◆ **Task goal**
A single number is the answer here: the count of lines in the records below in which the word "Floral" appears.

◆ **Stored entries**
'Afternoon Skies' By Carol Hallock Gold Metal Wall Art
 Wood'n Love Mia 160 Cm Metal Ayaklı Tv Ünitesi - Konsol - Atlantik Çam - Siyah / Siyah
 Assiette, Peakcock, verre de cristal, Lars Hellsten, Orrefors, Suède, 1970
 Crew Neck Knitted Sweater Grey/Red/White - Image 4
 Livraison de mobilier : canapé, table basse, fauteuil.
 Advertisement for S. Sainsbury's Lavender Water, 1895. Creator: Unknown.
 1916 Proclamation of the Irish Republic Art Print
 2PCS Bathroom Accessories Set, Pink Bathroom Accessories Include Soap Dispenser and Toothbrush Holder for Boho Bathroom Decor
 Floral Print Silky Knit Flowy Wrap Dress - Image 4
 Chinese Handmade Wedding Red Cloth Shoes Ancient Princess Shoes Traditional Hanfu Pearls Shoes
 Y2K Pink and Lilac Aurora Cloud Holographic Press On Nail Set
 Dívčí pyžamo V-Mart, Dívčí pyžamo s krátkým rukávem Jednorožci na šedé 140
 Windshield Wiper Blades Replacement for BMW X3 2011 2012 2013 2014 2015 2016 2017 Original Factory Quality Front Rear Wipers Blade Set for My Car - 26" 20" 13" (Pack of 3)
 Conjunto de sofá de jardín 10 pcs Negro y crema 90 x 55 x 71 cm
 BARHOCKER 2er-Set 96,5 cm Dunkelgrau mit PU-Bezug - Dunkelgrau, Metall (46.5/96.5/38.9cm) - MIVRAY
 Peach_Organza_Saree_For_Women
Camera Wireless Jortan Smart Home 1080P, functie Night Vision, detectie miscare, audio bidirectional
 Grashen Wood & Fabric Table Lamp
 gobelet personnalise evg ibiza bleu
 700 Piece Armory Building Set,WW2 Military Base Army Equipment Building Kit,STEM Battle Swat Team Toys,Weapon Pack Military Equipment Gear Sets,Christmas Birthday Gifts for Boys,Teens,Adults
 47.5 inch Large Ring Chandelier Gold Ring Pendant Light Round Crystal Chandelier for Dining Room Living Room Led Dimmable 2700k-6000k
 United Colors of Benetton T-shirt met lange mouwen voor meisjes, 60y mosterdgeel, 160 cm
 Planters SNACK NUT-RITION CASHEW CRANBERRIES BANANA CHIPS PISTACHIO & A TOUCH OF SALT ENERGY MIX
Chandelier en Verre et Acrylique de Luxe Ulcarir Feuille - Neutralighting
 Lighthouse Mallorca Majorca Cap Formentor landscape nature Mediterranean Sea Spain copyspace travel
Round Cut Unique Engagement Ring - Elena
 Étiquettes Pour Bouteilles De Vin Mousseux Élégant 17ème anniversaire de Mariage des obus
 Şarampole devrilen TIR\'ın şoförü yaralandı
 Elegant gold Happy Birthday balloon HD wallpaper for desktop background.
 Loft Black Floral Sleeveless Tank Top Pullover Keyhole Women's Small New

◆ **Reply to the exercise**
2